CompareXML

CompareXML is a fast, lightweight and feature-rich tool that will solve your XML/HTML comparison or diffing needs. Its purpose is to compare two instances of Nokogiri::XML::Node or Nokogiri::XML::NodeSet for equality or equivalency.

Features

Fast, light-weight and highly customizable
Compares XML/HTML documents and document fragments
Can produce both detailed diffing discrepancies or execute silently
Has the ability to exclude specific nodes or attributes from all comparisons

Installation

Add this line to your application's Gemfile:

gem 'compare-xml'

And then execute:

bundle

Or install it yourself as:

gem install compare-xml

Usage

Using CompareXML is as simple as

CompareXML.equivalent?(doc1, doc2)

where doc1 and doc2 are instances of Nokogiri::XML::Node or Nokogiri::XML::NodeSet.

Example

Suppose you have two files 1.html and 2.html that you would like to compare. You could do it as follows:

doc1 = Nokogiri::HTML(open('1.html'))
doc2 = Nokogiri::HTML(open('2.html'))
puts CompareXML.equivalent?(doc1, doc2)

The above code will print true or false depending on the result of the comparison.

If you are using CompareXML in a script, then you need to require it manually with:

require 'compare-xml'

Options at a Glance

CompareXML has a variety of options that can be invoked as an optional argument, e.g.:

CompareXML.equivalent?(doc1, doc2, {collapse_whitespace: false, verbose: true})

collapse_whitespace: {true|false} default: true show examples ⇨
- when true, trims and collapses whitespace
ignore_attr_order: {true|false} default: true show examples ⇨
- when true, ignores attribute order within tags
ignore_attr_content: [string1, string2, ...] default: [] show examples ⇨
- when provided, ignores all attributes that contain substrings string, string2, etc.
ignore_attrs: [css_selector1, css_selector1, ...] default: [] show examples ⇨
- when provided, ignores specific attributes using CSS selectors
ignore_attrs_by_name: [matcher1, matcher2, ...] default: [] show examples ⇨
- when provided, ignores attributes whose name matches a String (exact) or Regexp (pattern)
ignore_comments: {true|false} default: true show examples ⇨
- when true, ignores comments, such as 
ignore_nodes: [css_selector1, css_selector1, ...] default: [] show examples ⇨
- when provided, ignores specific nodes using CSS selectors
ignore_text_nodes: {true|false} default: false show examples ⇨
- when true, ignores all text content within a document
verbose: {true|false} default: false show examples ⇨
- when true, instead of a boolean, CompareXML.equivalent? returns an array of discrepancies.
ignore_children {true|false} default false show examples ⇨
- when true, the subnodes of a node in the xml are ignored
force_children {true|false} default false show examples ⇨
- when true, the subnodes of a node are checked independently of the status of the parent node
align_children {true|false} default false show examples ⇨
- when true (in verbose mode), aligns child nodes so insertions and removals are reported as additions/removals instead of changes

Options in Depth

collapse_whitespace: {true|false} default: true

When `true`, all text content within the document is trimmed (i.e. space removed from left and right) and whitespace is collapsed (i.e. tabs, new lines, multiple whitespace characters are replaced by a single whitespace).

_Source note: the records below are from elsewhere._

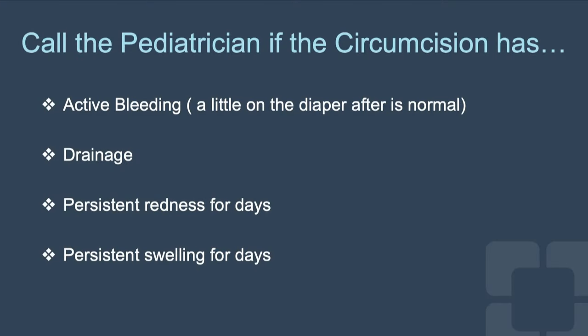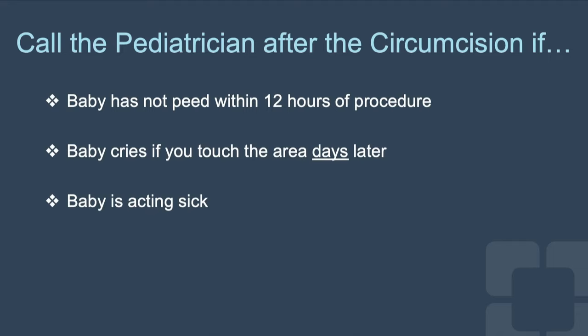Call your pediatrician if the circumcision has active bleeding — a little blood on the diaper is normal after the procedure — drainage, persistent redness for days, or persistent swelling for days. Also call your pediatrician if the baby has not peed within 12 hours of the procedure.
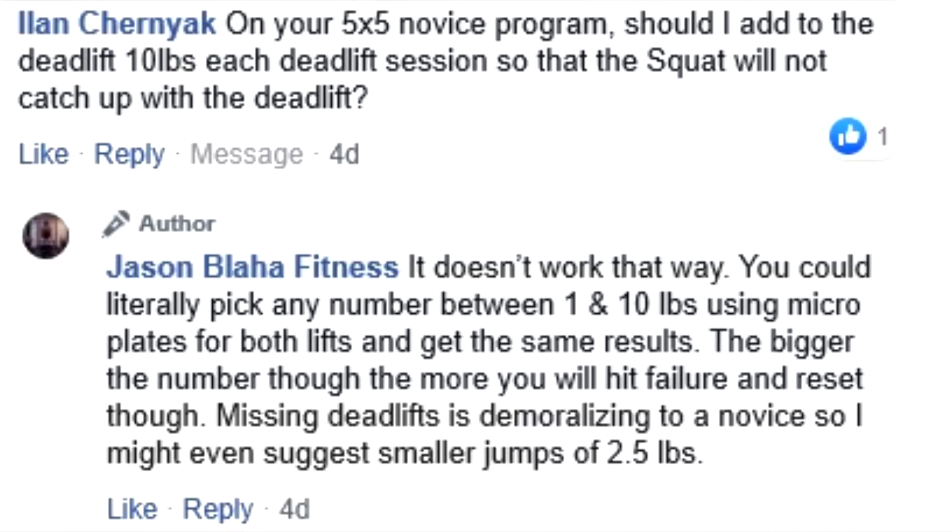You can't actually do that. You will hit a stall. I can assure you that you're not going to get to a 1,000 pound squat for 5 sets of 5. It's not going to happen.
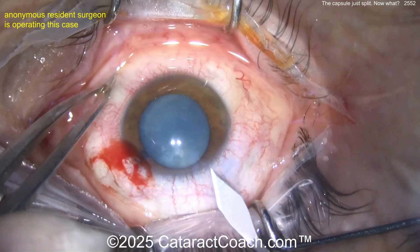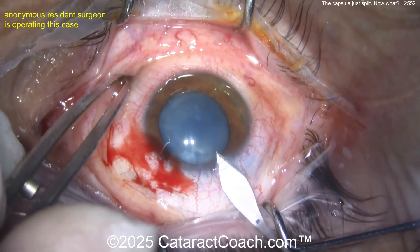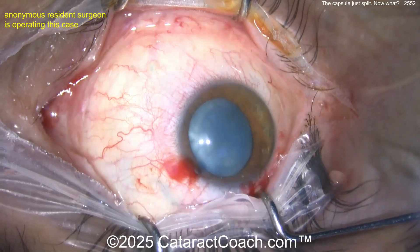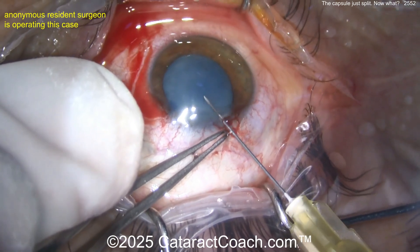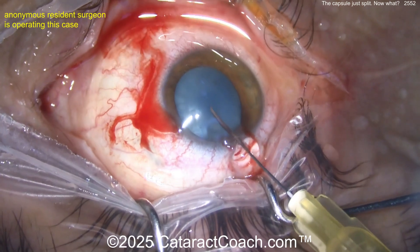You may be better off doing this decompression through the paracentesis without the main incision. Why? Well, as soon as you make the main incision — now that incision is larger — you're going to get viscoelastic prolapsing out of it. Look, it's already coming out. And you're not going to be able to get as high an IOP inside the eye. You can't have as much anterior capsule flattening from the viscoelastic. So now poking in with a needle — and you know what's going to happen.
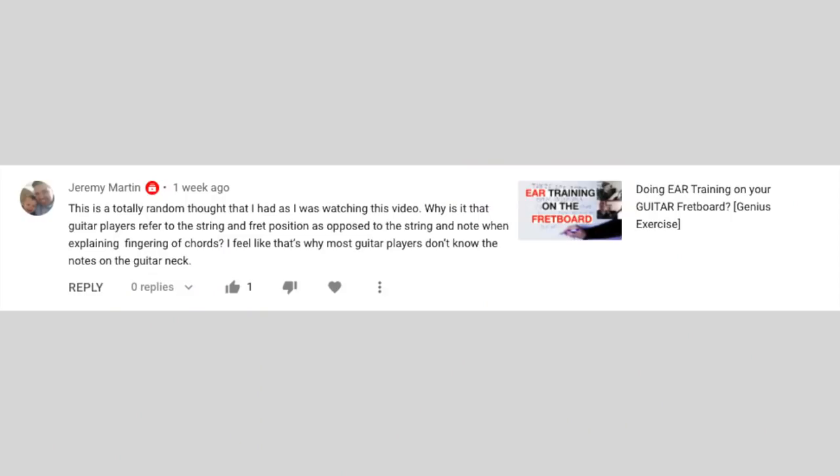Next question: why is it that guitar players refer to the string and fret position as opposed to the string and note when explaining fingering of chords? The questioner feels that's why most guitar players don't know the notes on the guitar neck. And they would be right — most amateur players do not know the notes on the guitar, while most professional players do know all the notes. But there is a very specific reason to talk about fret number rather than note name.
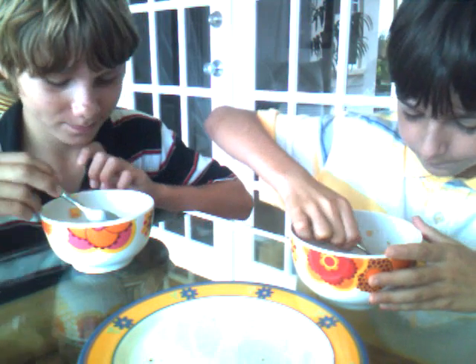Now scoop up again. Put it in your mouth. And chew. And swallow. Yeah. High five, man.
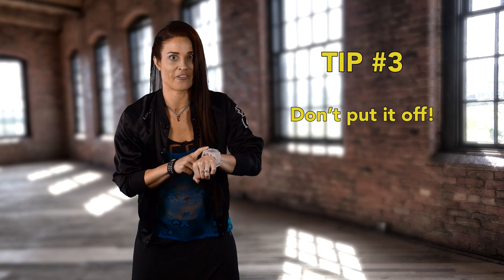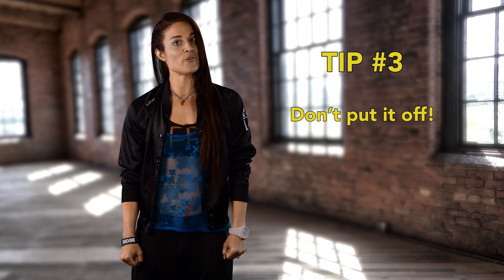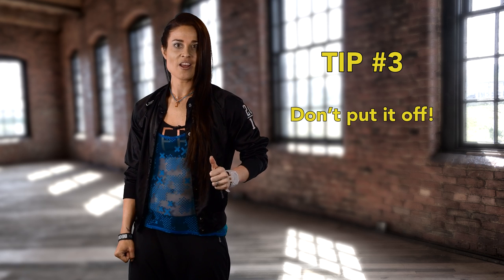And finally, tip number three: don't put it off. Start learning as soon as you get your release. This will give you time to know your stuff so you can focus on connection. Remember, everyone learns in different ways. Try watching, listening with your eyes closed, or writing down the patterns in your own words. See what works best for you.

**Usage Example:** `CompareXML.equivalent?(doc1, doc2, {collapse_whitespace: true})`

**Example:** When `true` the following HTML strings are considered equal:

  <a href="/admin">   SOME TEXT CONTENT   </a>
  <a href="/index"> SOME    TEXT    CONTENT </a>

**Example:** When `true` the following HTML strings are considered equal:

  <html>
      <title>
          This is my title
      </title>
  </html>

  <html><title>This is my title</title></html>

ignore_attr_order: {true|false} default: true

When `true`, all attributes are sorted before comparison and only attributes of the same type are compared.

**Usage Example:** `CompareXML.equivalent?(doc1, doc2, {ignore_attr_order: true})`

**Example:** When `true` the following HTML strings are considered equal:

  <a href="/admin" class="button" target="_blank">Link</a>
  <a class="button" target="_blank" href="/admin">Link</a>

**Example:** When `false` the above HTML strings are compared as follows:

  href="admin" != class="button

The comparison of the `<a>` element will stop at this point, since a discrepancy is found.

**Example:** When `true` the following HTML strings are compared as follows:

  <a href="/admin" class="button" target="_blank">Link</a>
  <a class="button" target="_blank" href="/admin" rel="nofollow">Link</a>

  class="button"  == class="button"
  href="/admin"   == href="/admin"
                  =! rel="nofollow"
  target="_blank" == target="_blank"

ignore_attr_content: [string1, string2, ...] default: []

When provided, ignores all **attributes** that contain any of the given substrings. **Note:** types of attributes still have to match (i.e. `<p>` = `<p>`, `<div>` = `<div>`,  etc).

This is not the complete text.